| Work task |
The expected answer is the set of lines in the data below between the line holding "CW Enerji panelleri ile tasarruf imkanı" and the line holding "Slider Indicator Image 3", inclusive, written out exactly.

| Material for this task |

+---+

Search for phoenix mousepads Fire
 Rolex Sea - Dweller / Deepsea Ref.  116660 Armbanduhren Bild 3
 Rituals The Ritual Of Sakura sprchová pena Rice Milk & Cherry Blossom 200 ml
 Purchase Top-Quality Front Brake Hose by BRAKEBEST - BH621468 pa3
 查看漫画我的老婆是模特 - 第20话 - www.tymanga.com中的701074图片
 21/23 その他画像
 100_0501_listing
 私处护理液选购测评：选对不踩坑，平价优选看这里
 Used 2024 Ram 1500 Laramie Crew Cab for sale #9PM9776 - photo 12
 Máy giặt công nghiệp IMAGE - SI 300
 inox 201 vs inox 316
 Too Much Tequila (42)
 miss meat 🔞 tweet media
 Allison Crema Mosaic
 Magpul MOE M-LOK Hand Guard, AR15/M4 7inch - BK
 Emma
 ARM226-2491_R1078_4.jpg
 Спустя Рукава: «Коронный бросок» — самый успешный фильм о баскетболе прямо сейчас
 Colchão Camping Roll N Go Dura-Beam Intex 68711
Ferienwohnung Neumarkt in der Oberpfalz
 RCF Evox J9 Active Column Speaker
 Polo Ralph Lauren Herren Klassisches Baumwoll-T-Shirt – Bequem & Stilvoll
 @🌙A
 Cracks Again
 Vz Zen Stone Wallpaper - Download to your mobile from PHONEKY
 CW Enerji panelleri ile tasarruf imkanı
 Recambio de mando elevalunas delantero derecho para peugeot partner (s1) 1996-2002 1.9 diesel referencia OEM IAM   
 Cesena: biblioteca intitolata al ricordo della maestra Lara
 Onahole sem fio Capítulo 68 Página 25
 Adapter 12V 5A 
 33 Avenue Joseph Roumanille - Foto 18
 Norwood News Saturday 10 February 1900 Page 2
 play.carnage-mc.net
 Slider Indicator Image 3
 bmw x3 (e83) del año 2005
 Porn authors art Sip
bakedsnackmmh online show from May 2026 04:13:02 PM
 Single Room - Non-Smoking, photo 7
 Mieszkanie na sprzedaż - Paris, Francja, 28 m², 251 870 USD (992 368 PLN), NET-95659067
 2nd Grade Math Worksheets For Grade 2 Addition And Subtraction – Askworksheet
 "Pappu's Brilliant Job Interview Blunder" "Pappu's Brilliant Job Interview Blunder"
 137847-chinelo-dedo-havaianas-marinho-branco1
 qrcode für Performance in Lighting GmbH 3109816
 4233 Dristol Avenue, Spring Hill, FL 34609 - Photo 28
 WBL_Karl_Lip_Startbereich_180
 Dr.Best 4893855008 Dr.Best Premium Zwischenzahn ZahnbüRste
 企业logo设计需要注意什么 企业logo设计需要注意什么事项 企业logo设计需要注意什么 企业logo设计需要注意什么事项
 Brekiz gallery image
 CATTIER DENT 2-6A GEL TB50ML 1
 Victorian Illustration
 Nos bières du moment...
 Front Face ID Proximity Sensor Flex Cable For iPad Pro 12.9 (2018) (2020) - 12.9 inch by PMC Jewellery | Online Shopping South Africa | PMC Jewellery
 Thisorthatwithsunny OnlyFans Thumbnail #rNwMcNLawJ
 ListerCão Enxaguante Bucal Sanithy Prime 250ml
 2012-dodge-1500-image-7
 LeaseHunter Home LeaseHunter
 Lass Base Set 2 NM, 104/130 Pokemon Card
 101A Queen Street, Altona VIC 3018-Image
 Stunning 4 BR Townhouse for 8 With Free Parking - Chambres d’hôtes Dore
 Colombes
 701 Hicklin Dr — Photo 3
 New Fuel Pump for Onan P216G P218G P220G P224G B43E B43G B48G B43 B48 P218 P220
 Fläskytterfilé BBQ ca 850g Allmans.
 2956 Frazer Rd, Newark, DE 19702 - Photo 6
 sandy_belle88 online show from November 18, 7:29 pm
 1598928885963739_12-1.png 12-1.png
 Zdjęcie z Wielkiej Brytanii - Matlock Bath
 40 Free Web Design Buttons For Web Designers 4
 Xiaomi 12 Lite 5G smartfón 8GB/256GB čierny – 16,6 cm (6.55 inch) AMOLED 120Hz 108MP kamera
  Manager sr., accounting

+---+

| Response to this exercise |
 CW Enerji panelleri ile tasarruf imkanı
 Recambio de mando elevalunas delantero derecho para peugeot partner (s1) 1996-2002 1.9 diesel referencia OEM IAM   
 Cesena: biblioteca intitolata al ricordo della maestra Lara
 Onahole sem fio Capítulo 68 Página 25
 Adapter 12V 5A 
 33 Avenue Joseph Roumanille - Foto 18
 Norwood News Saturday 10 February 1900 Page 2
 play.carnage-mc.net
 Slider Indicator Image 3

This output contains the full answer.